The first Washington snow of the season kept falling as Daniel Ellsberg, of the Pentagon papers fame, stepped to the mike. “We are the Winter soldiers,” proclaimed Ellsberg to the cheering crowd of several hundred who besieged The White House on the chilly December 16, 2010, to demand President Obama STOP THESE WARS.  The Winter Soldiers versus Sunshine Patriots theme was as dear to the crowd now as it was to George Washington whom Thomas Paine exhorted in 1776 to rely on Winter soldiers in the fight for independence.
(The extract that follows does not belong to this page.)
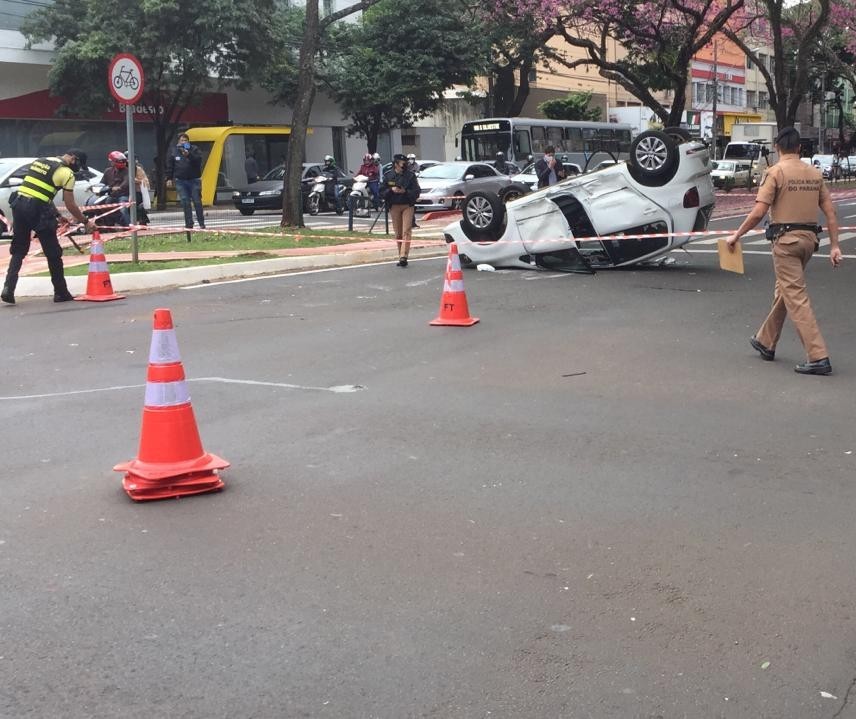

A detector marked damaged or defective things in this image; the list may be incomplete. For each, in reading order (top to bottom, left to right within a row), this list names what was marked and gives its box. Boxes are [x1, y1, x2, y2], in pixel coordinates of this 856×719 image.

overturned white car [444, 131, 720, 272]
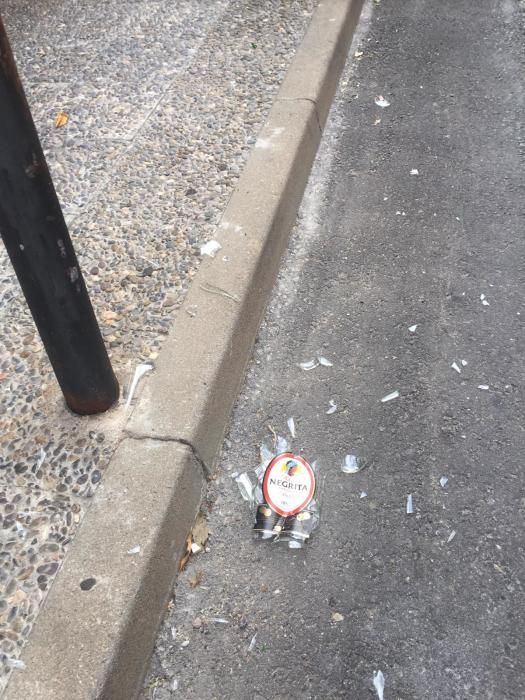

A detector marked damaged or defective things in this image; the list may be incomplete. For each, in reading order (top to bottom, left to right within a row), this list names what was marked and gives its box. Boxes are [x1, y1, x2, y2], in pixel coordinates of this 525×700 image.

rusty metal pole [0, 17, 118, 416]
VFP insists on Nonviolence

The rally was organized by Veterans for Peace (VFP), a country-wide organization which since its inception in 1985 has struggled to steer the USA toward peaceful resolution of international conflicts. The VFP organizers wanted a silent vigil march from Lafayette Square to the White House, and then many of us will do nonviolent civil resistance, the key word being nonviolent.

The cost of war

“We are dedicated to exposing the true costs of war and militarism,” says Mike Ferner, VFP president. “We’ve killed well over a million people. We’ve orphaned and displaced five times that number at least. And here in our own country, we’ve managed to throw millions of people out of work and out of their homes.”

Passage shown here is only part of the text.